== WORK REQUEST ==
After locating the line with "15744347 - Property Image 3" in the entries below, output it and each following line up to and including the line with "-东门烤鸭店(东华门店)", exactly and without pictures.

== PROVIDED DATA ==
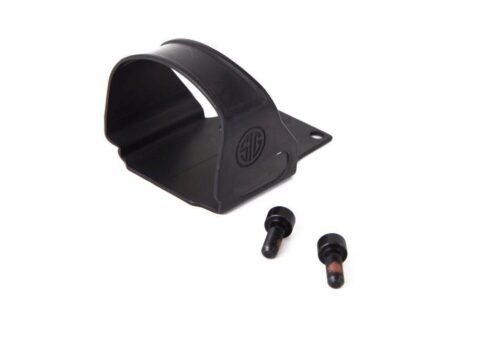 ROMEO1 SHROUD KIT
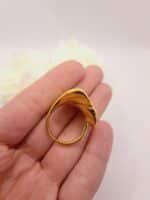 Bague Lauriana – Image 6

* * *

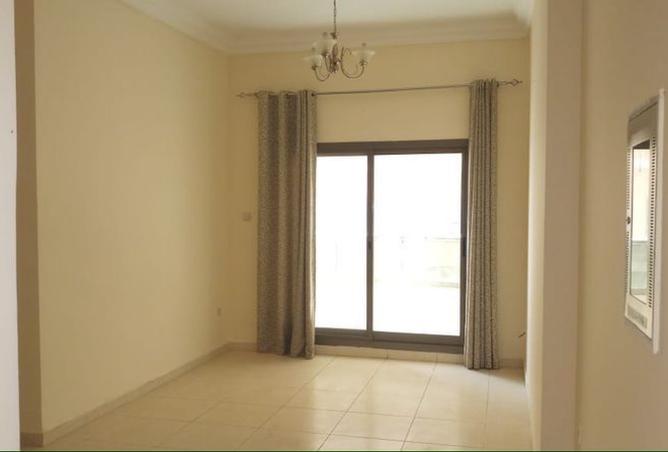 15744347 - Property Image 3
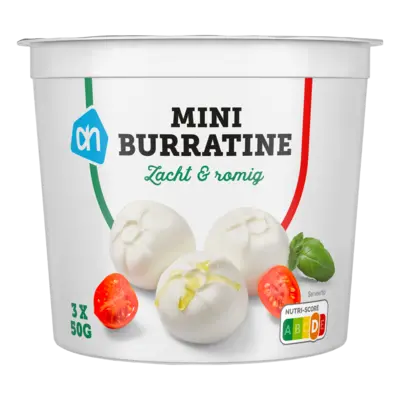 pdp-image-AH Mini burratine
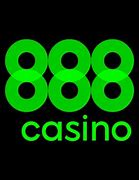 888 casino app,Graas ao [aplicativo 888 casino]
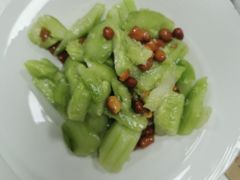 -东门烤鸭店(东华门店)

== TASK SOLUTION ==
 15744347 - Property Image 3
 pdp-image-AH Mini burratine
 888 casino app,Graas ao [aplicativo 888 casino]
 -东门烤鸭店(东华门店)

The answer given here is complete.